Хотя Уоллес все еще не знал ответа на вопрос о происхождении видов, он понимал, что география должна играть ключевую роль и служить важным инструментом в его поисках. Он яростно выступал против небрежности, с которой натуралисты записывали географические данные: «В различных работах по естествознанию, равно как и в наших музеях, данные о местоположении обычно представлены наиболее обще и туманно. Ю. Америка, Бразилия, Гвиана или Перу встречаются чаще всего; но, даже если бы эти образцы были подписаны «р. Амазонка» или «Кито», у нас не было бы ни малейшего представления, говорим мы о юге или о севере». Без точной информации о распространении разных видов невозможно узнать, почему и как они разделились. В понимании Уоллеса, бирки и ярлыки были так же важны, как и образцы, к которым они крепились.
Уже через несколько месяцев после своего возвращения Уоллес стал завсегдатаем лондонских научных сообществ, однако его настоящей задачей был выбор места для следующего приключения. Возвращение на Амазонку было лишено всякого смысла, – его приятель Бейтс все еще оставался там, продолжая собирать свою и без того огромную коллекцию. К этому времени он уже настолько вырвался вперед, что это лишало затею всякого смысла. Так же было бесполезно повторять путь Дарвина, а Александр фон Гумбольдт уже покорил все вершины Центральной Америки, Кубы и Колумбии. Уоллесу нужно было найти лакуну, участок на карте, который еще не прочесали соперники-натуралисты.

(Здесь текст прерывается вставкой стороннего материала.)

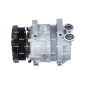 Compressore Chevrolet 32220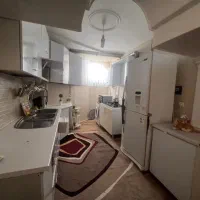 سویت  ۷۰متری یک خواب|اجارهٔ کوتاه‌مدت آپارتمان و سوئیت|شاهرود, |دیوار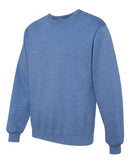 JERZEES - Dri-Power® Youth 50/50 T-Shirt - 562MR (More Color 2)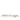 347aa8dcb44a4f83ab0838b8b42c801a_product_images_7572999_4da736eea9e94619b9b6ab8ce01e41b1.jpeg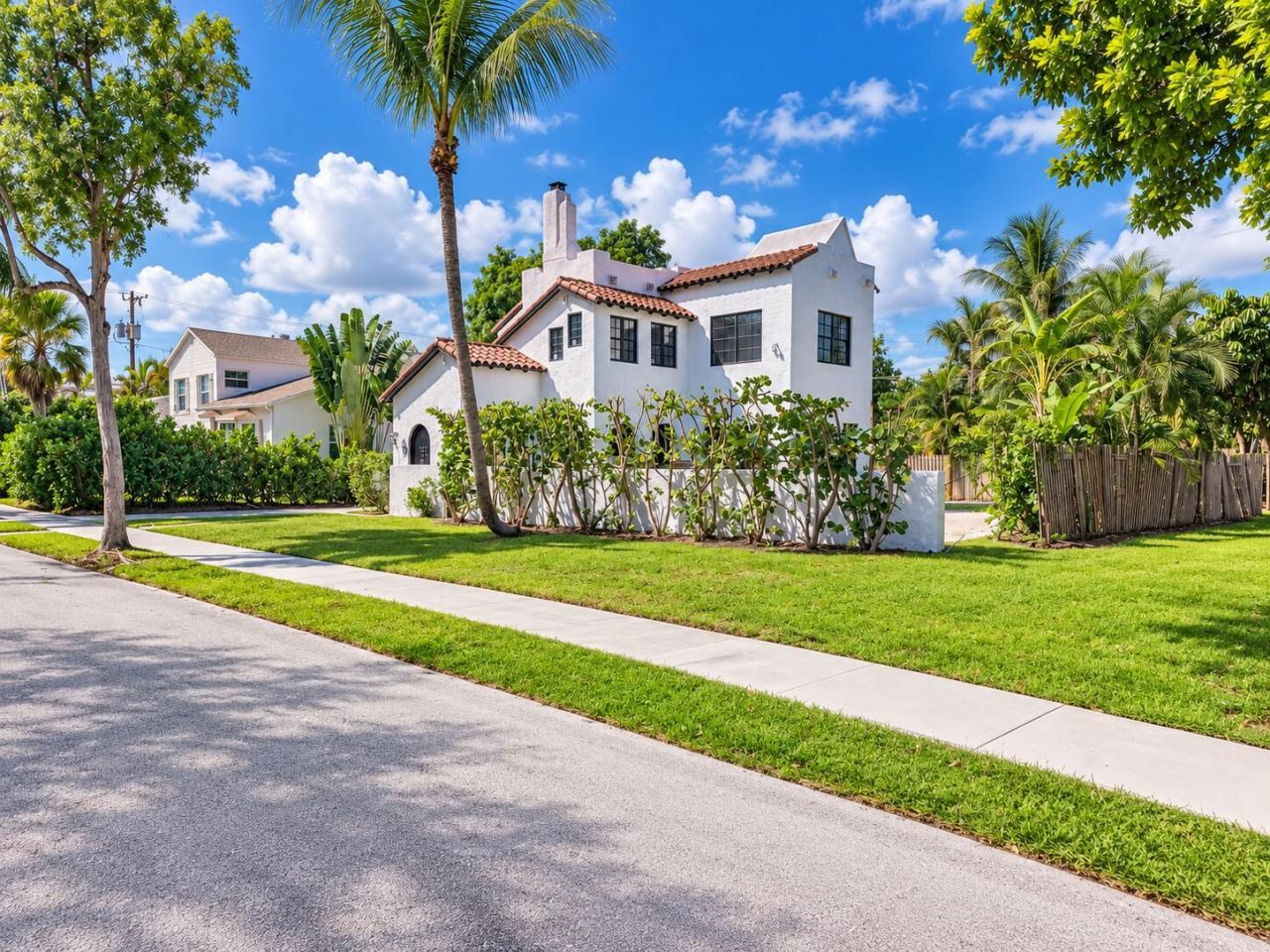 326 Fordham Drive, Lake Worth Beach, FL 33460 Photo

Прочитав о «новом мире», с «животным царством, подобное которому больше не встретить ни в одной стране», Уоллес остановился на Малайском архипелаге, который еще только ждал своего исследователя. В июне 1853 года, когда репутация Уоллеса все продолжала расти, он принял предложение сэра Родерика Мерчинсона, президента Королевского географического общества. Предложенный им маршрут по размерам был весьма амбициозен: Борнео, Филиппины, индонезийский остров Сулавеси, Тимор, Молуккские острова и Новая Гвинея. Уоллес планировал провести в каждом месте год или два, – экспедиция, которая с легкостью могла занять десяток лет. Мерчинсон согласился спонсировать его тур на следующем же корабле, который оправлялся в эти места, и предоставить необходимые рекомендации для колониальных властей.